In principle I agree with this, but I also see a problem with translations. Ideally we would like the .t and .t-linehead to be where they belong, at the end of line of chinese characters where the are now. But that is in the middle of a segment, because Bhante Sujato wants to have one rule per segment for these Patimokkha texts. So that means that there is no way to tell where the original .t has to be within the translation, unless you also put this in the JSON file to say that a specific code needs to go in position x in the original chinese and position y in the english translation and z in the german translation.

But the T line number has no specific position in the translated segment anyway, as the translation and the original have no word-to-word correspondence, only a phrase-to-phrase one, i.e. segment to segment. Associating line numbers per segment is the most precise that is possible. In any case, it’s plenty good enough: the purpose is so that people can find what they’re looking for.

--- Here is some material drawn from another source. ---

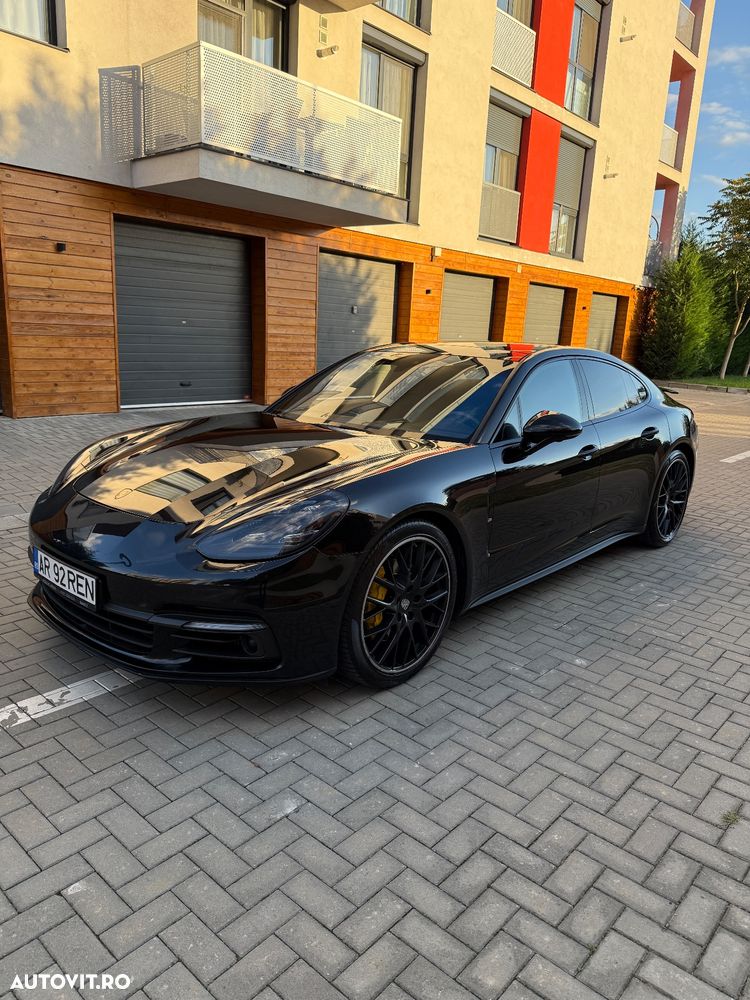 Porsche Panamera 4S - 2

But the segments have been added together to make one big segment, which creates the problem.

Yeah, don’t worry, it’s precise enough. Associating the line numbers per rule = per segment will be fine. It’s better to be simple, clear, and robust than to add an extra burden of complexity that will be of dubious use.

Of course, this still leaves the rest of the Vinaya to be sorted out, but that’s a problem for another day.

Yeah the idea is to be precise when it is easy to be precise and otherwise just put things in vaguely the right place. I can’t see a compelling reason to have this metadata placed with high precision within translations.